The European Union Court of Justice has recently taken a milestone decision in favor of the commercialization of second hand software licenses of any kind. According to this, once a software seller or distributor sells a copy of any software tool, it automatically loses its exclusive rights to distribution, making it completely legal for companies and individuals to re-sell their own copies, legitimating this niche market for companies such as the German based UsedSoft, the company that took the case to the European Court.
In addition, it is clearly stated in the Court decision that no difference could be applied between physical media and download products. “It makes no difference whether the copy of the computer program was made available by means of a download from the right holder’s website or by means of a material medium such as a CD-ROM or DVD,” the court ruled. “Even if the right holder formally separates the customer’s right to use the copy of the program supplied from the operation of transferring the copy of the program to the customer on a material medium, the operation of downloading from that medium a copy of the computer program and that of concluding a license agreement remain inseparable from the point of view of the acquirer.”
The transfer of property of the licenses also implies the transfer of the legal obligations stablished for both parts, including maintenance and upgrades, also meaning that multiple user licenses for instance cannot be split and sold separately, since the original conditions would still apply in case of a re-sell.
However, this decision only affects the European markets, since previous Court decisions in the United States followed a completely different direction. In the precedent-setting case Vernor vs. Autodesk, it was established that US buyers purchase the ability to use a license, but they do not own the software, making redistribution not legally possible. This does not prevent American users to purchase licenses outside the USA, although the legality of such possibility is still unclear.

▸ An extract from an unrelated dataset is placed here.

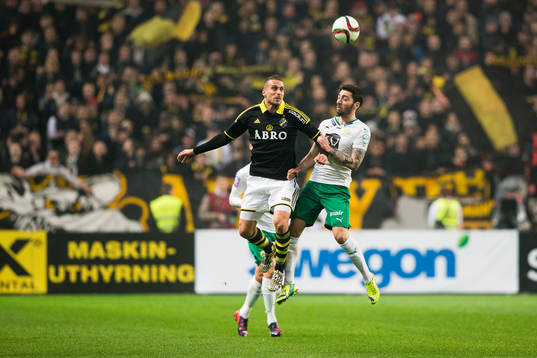 s Panajotis Dimitriadis i en nickduell med Hammarbys Nahir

Nevertheless, this European Court decision has a huge importance for companies, since it eliminates the distinction between the purchase of a license and the purchase of a product. The implications of this measure for international trade and intellectual property legislation on the long term still would need to be further discussed, but on the short term the cost-saving potential for European organizations is undoubtedly very important. We will see in the future the real impact that the opening of this market has for European Union based companies.